I've smoked pretty much every cheese I can get my hands on with the exception of crumbly cheeses like Feta and Blue cheese. My wife and I have a particular fondness for smoked Havarti, so if we picked a favorite it would probably be that. Gouda is wonderful of course, and smoked Mozzerella makes pizza's and lasagna oh so much more interesting! I like younger provolone smoked, but when I did a sharp aged provolone, well, I just wasn't that fond of it but it was used on a pizza with some smoked mozzerella and swiss and it was fantastic. Smoked swiss is so-so in my opinion, not bad, but not something I cherish. Someone once told me about smoked cream cheese, and once I made it, well, it is something to try for sure. Also, just for fun, I smoked some velveeta. It was actually pretty good.:: Any cheddar is good although I find using a younger cheddar works best. I find a cheese that is more creamy makes for a better smoked cheese. The flavors of firmer cheeses can match, but for some reason the goodness of the smoke seems to make the tongue happier with a more creamy cheese, so younger cheddar (and provolone) seem better. Same with Swiss, try baby swiss, a huge difference over an aged one after being smoked (not to say there isn't a huge difference before smoking).

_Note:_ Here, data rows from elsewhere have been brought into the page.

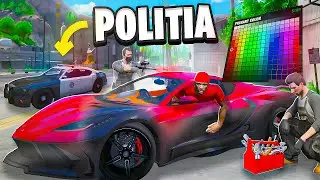 AM SCAPAT de POLITIE cu AJUTORUL MECANICILOR pe UN NOU SERVER de FIVEM!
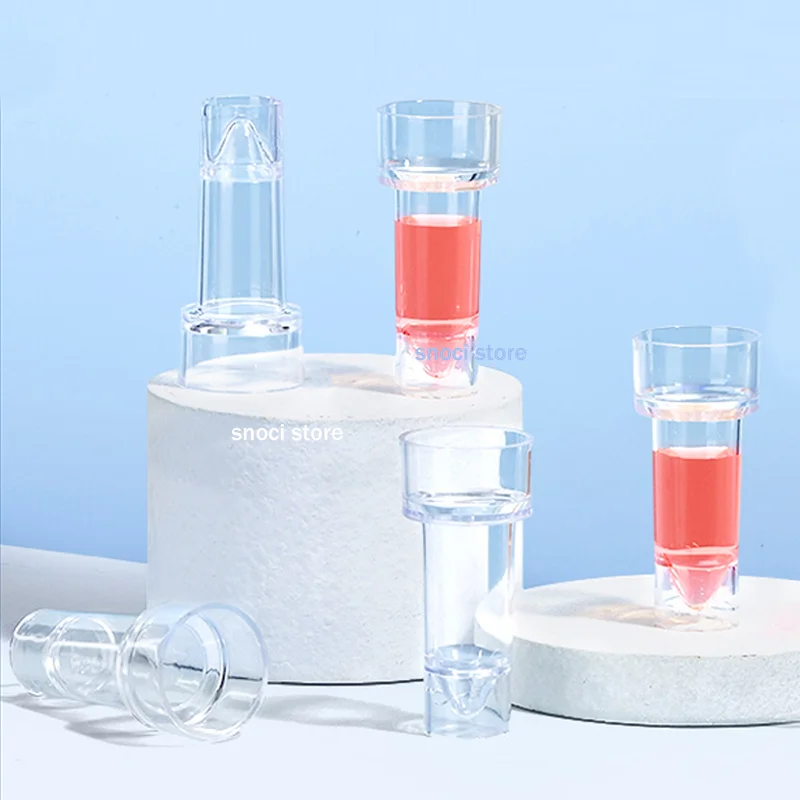 

Lab Plastic Sample Cup Biochemical Analyzer Sample Cuvette Disposable Cuvette Match PS Container With The 7150/7060 Series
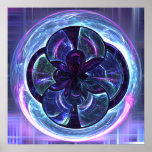 Disco Warp Artwork - Print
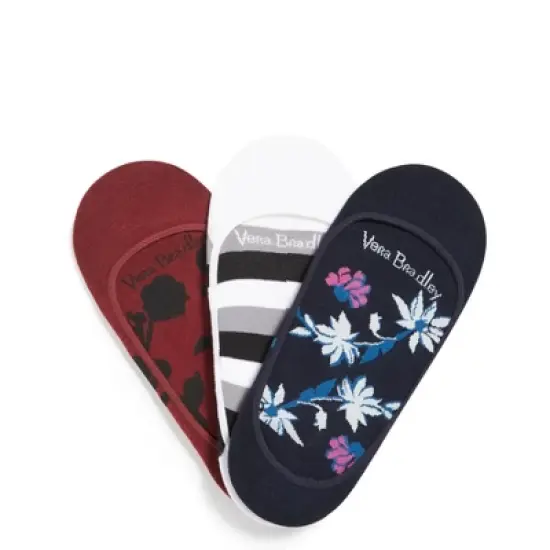 Vera Bradley Women's Low-Cut Liners 3 Pk image {4}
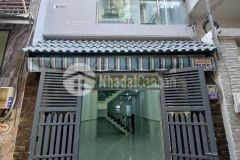 Nhà hẻm liên khu 8 9, bình hưng hòa a, bình tân dt 64m2 1 lầu 2pn 2wc giá 4ty800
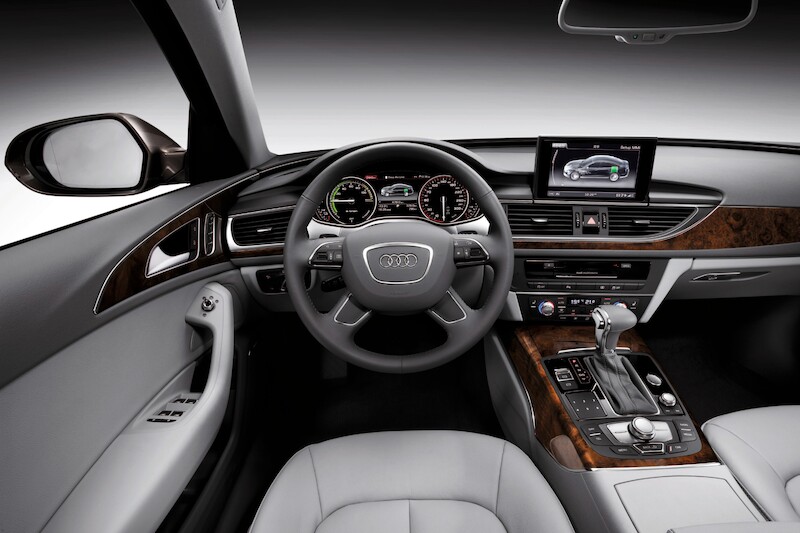 Audi A6 L e-tron concept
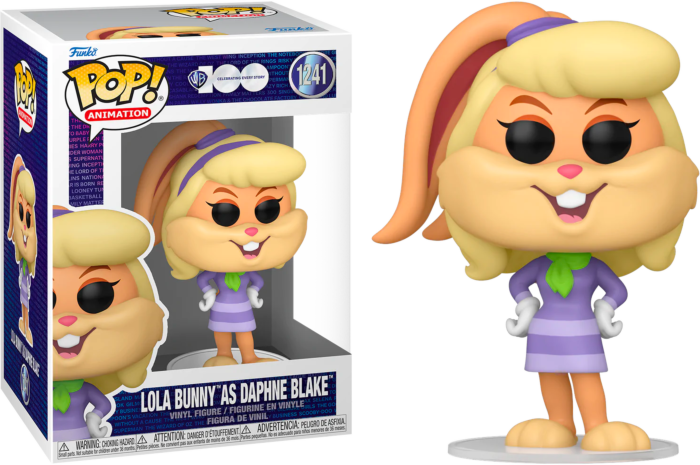 1241 Funko POP Warner Bros 100th Anniversary Lola Bunny as Daphne Bla Pops Toys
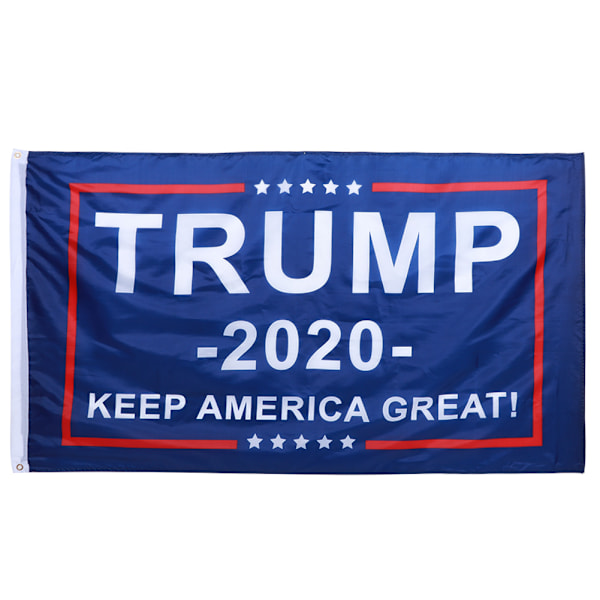 90x150cm Kaunis väri polyester kangas 2020 Sisä- ja ulkotilojen ympäristölippu presidentille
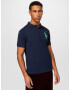 Polo Ralph Lauren Tricou bleumarin / albastru aqua / verde deschis - Pled.ro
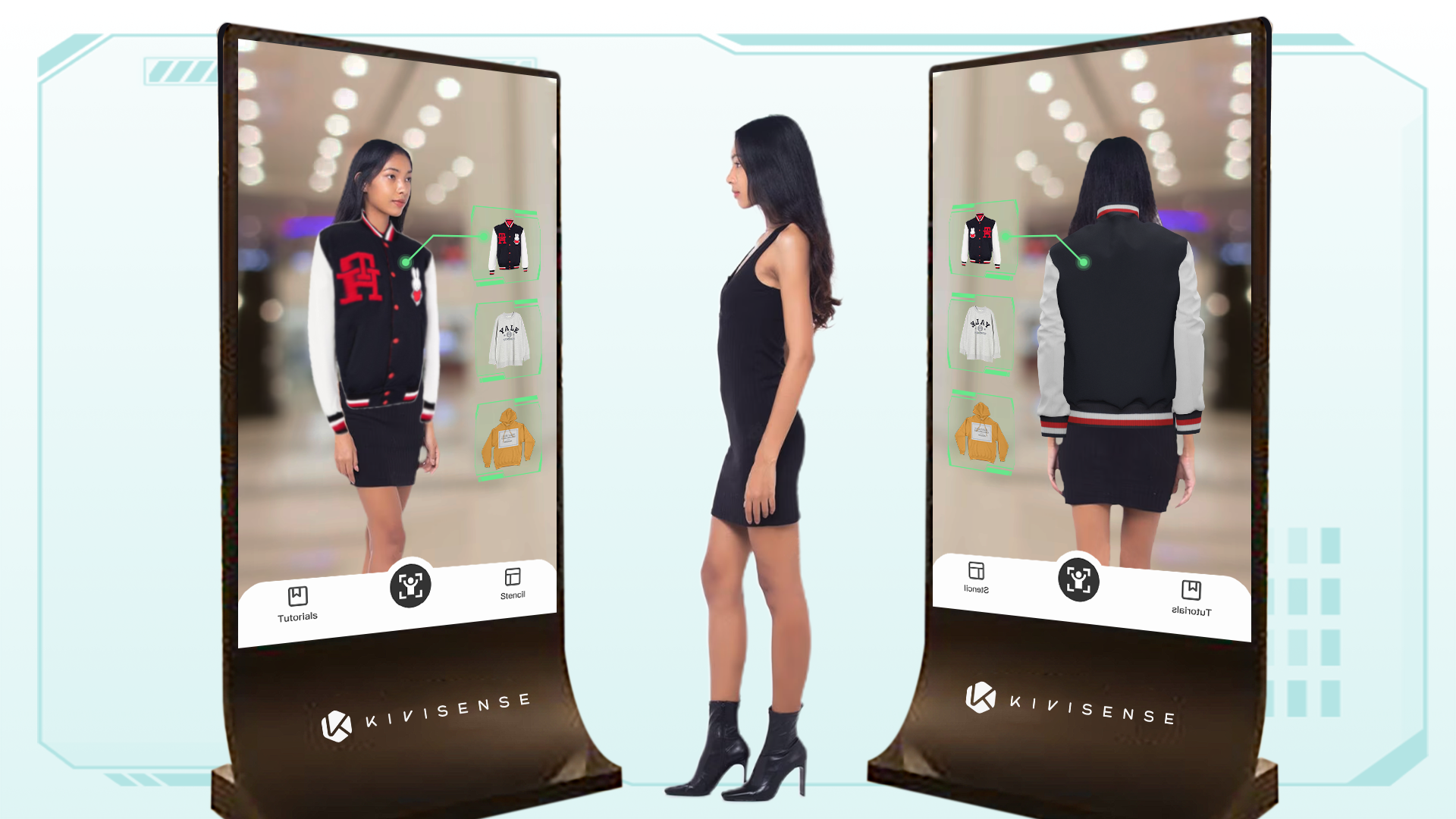Virtual fashion advice 從網絡上獲取穿衣打扮的小竅門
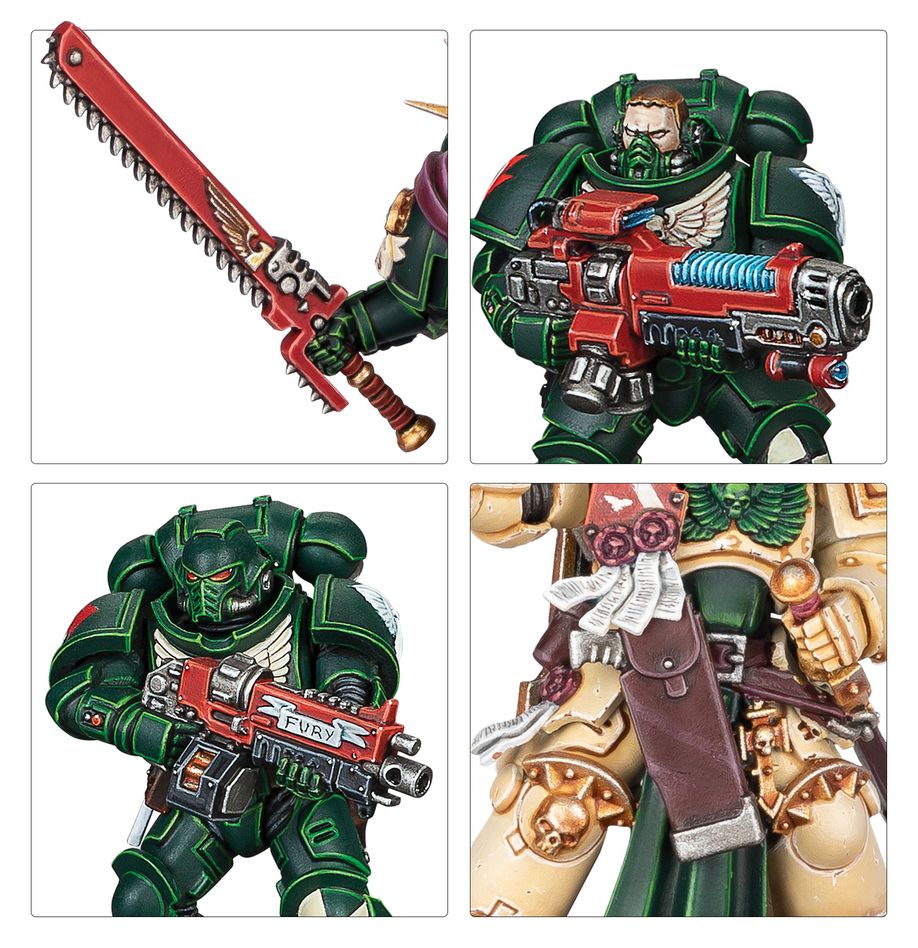 WARHAMMER 40000: COMBAT PATROL: DARK ANGELS
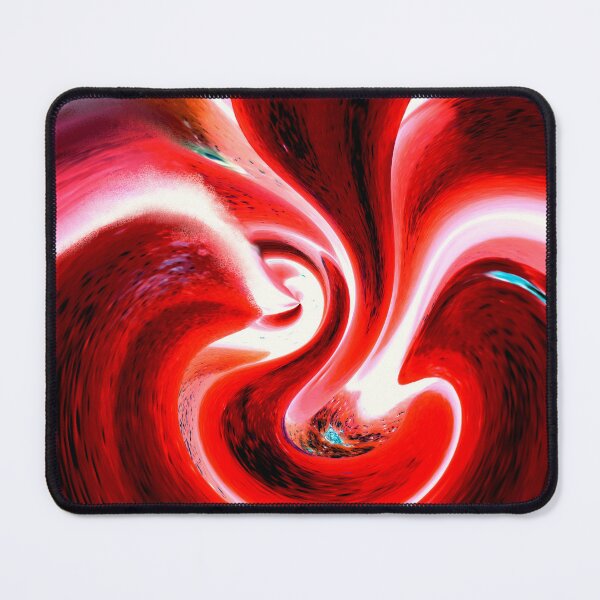 Item preview, abstract red orange nine tailed fox designed and sold by Gabriel BOCQUAIRE.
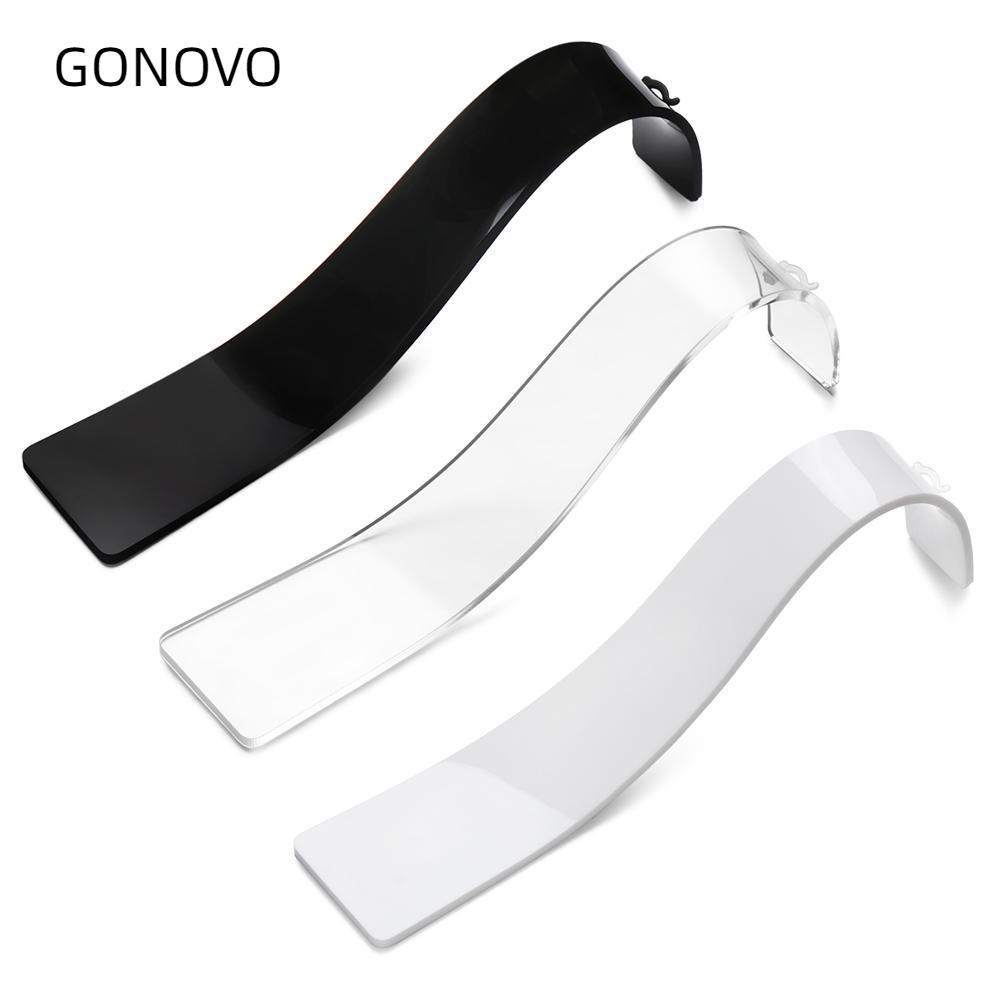 GONOVO Jewellry Stand Exhibit Di Động Để Bàn Lưu Trữ Thời Trang Hình Cong Đồng Hồ Hiển Thị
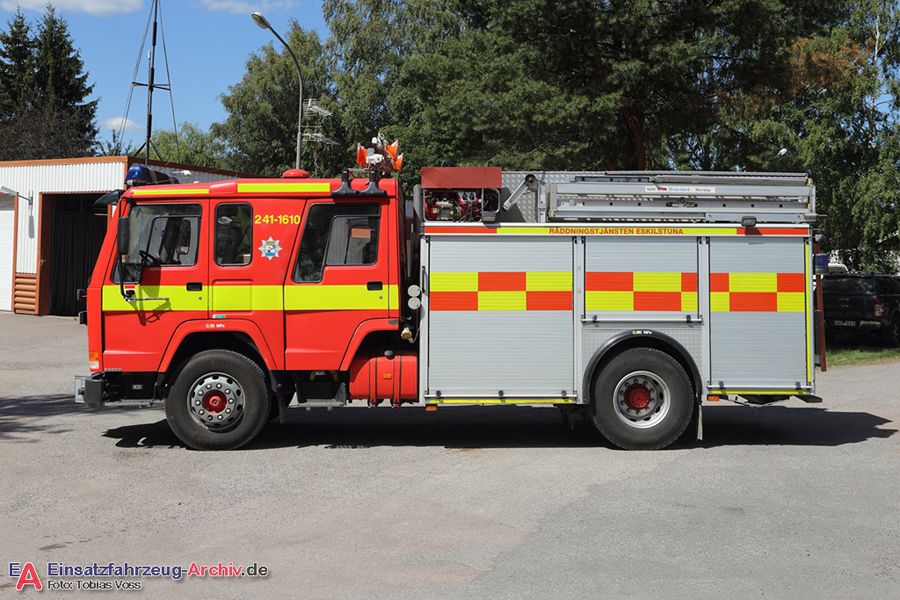 2 41-1610 - Släck-/Räddningsbil (a.D.)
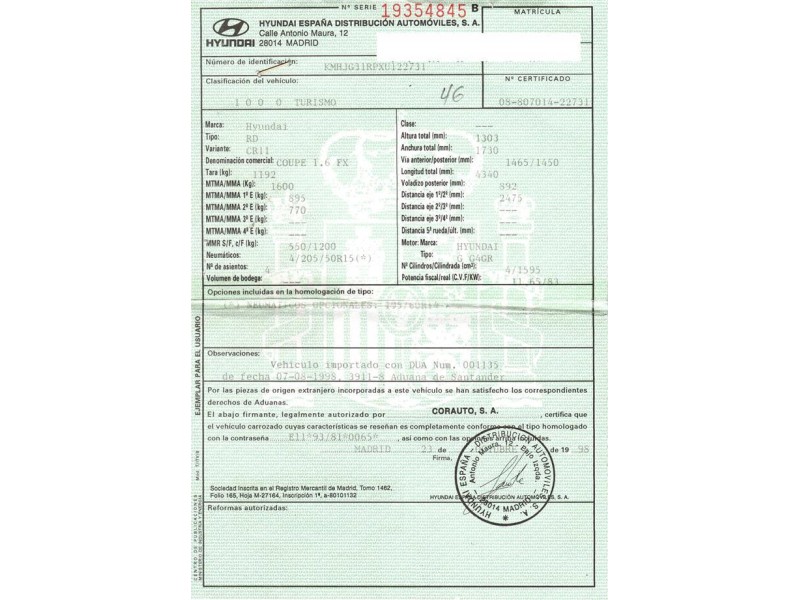hyundai coupe del año 1998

Small chunks are better, the flavor gets in easier. I buy the big 5 pound blocks of cheddar at Sam's Club for example, and cut them up into about 10 pieces. I tried smoking the whole block once, and it just didn't have enough flavor. The smaller pieces solve that problem.

Up there in Alaska, by guess is you might be able to load that sucker up with fuel on a frigid windy day and keep it running at 40 and ust store your cheese in there like it's in the fridge!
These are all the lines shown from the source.